Страница 2 из 26
ГЛАВА ПЕРВАЯ,
в которой описывается несчастная судьба хона Буллы, властителя хонайи на западе Коринфии
В черном небе, обложенном серебряными точками звезд, еще виден был мерцающий хвост кометы, но постепенно он растворялся в заоблачной выси, оставляя за собою лишь светлый клин, который, однако, тоже — медленно и неумолимо — уже поглощала вселенская тьма. Конан подавил облегченный вздох и отнял вспотевшую ладонь от рукояти меча: огненный дракон улетел, даже не заметив его, и вряд ли можно было ожидать, что он вернется.
— Конан?
Не получив ответа, хон Булла сошел с крыльца во двор и, помахивая тускло горящим светильником с пальмовым маслом, подошел к киммерийцу.

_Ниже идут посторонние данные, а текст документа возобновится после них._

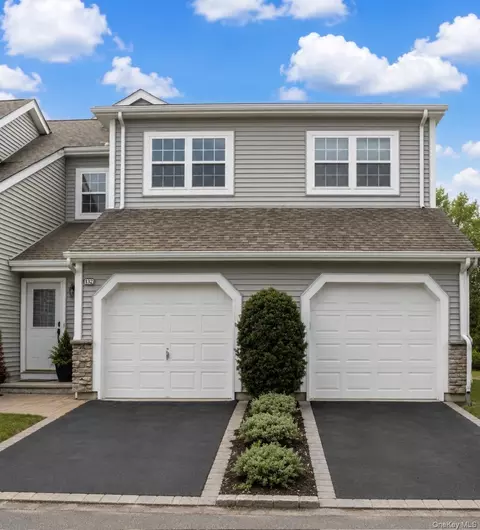 132 Carriage Ln, Plainview, NY 11803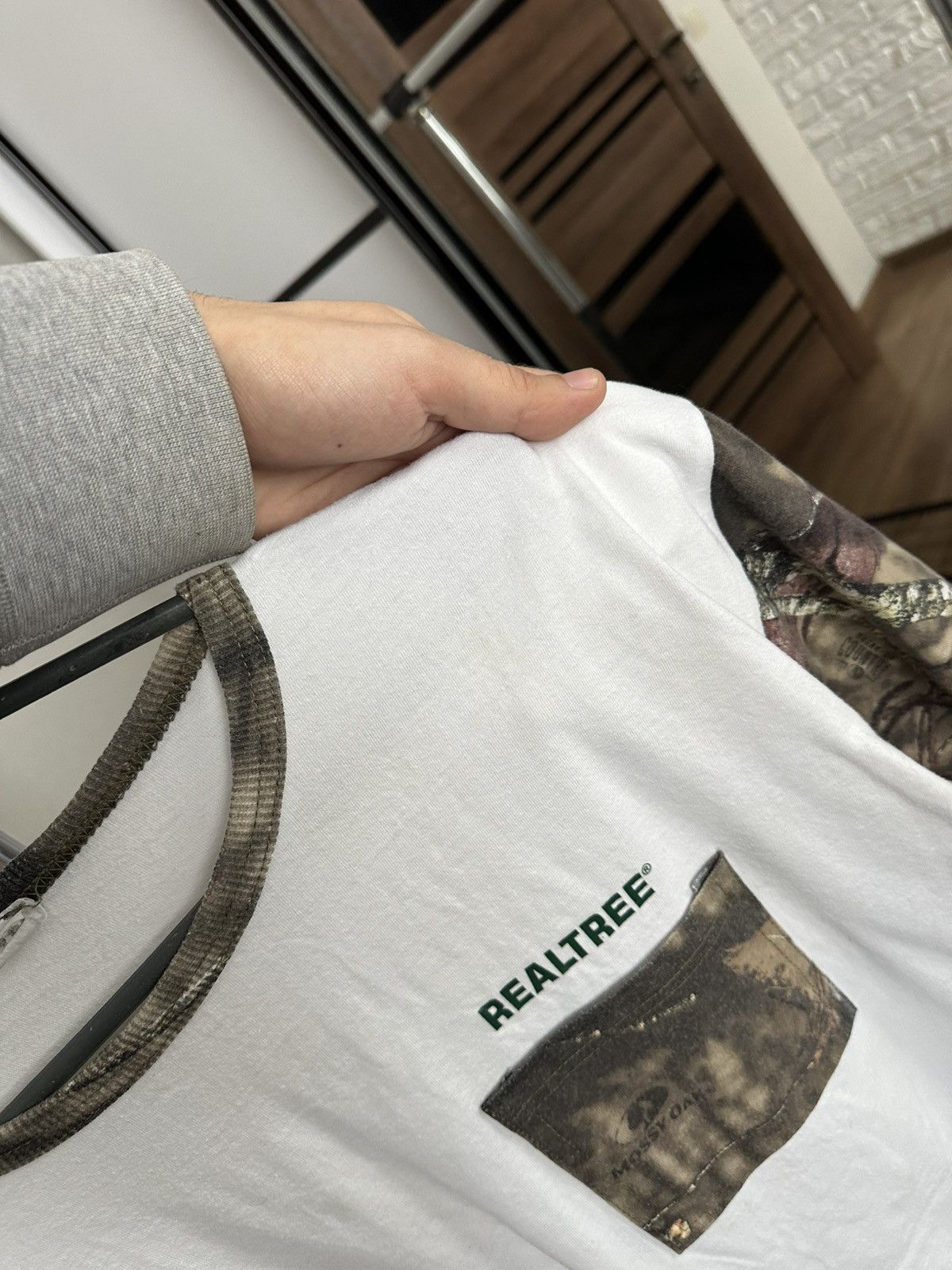 Realtree Realtree Vintage Camo T-Shirt Tee Size US L / EU 52-54 / 3 - 16 Thumbnail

— Я думал, ты давно уже спишь…
Он задрал голову, по старой привычке вглядываясь в ночь, но, конечно, кроме сплошной черноты да доброй тысячи ярких звезд ничего там не узрел, а Конан не стал рассказывать ему про дракона, не желая пугать такого радушного хозяина, как хон Булла. Нынче тот принял его в своем доме словно самого дорогого гостя: напоил лучшим вином, накормил лучшими кушаньями, многие из которых юный варвар и видел-то впервые, а затем предложил выбрать из своего, гарема лучшую девушку, дабы она скрасила его одиночество в черной, чернее мрака и угля, коринфийской ночи. Ильяна и скрасила; только потом, когда она уснула, разметав по тахте пушистые белокурые волосы, Конан решил выйти во двор и подышать свежим ночным воздухом — в доме хона было жарко и душно, несмотря на то, что и окна и двери не закрывались вообще, — тут-то и заметил он в небе огненного дракона, стремительно летящего под самыми звездами.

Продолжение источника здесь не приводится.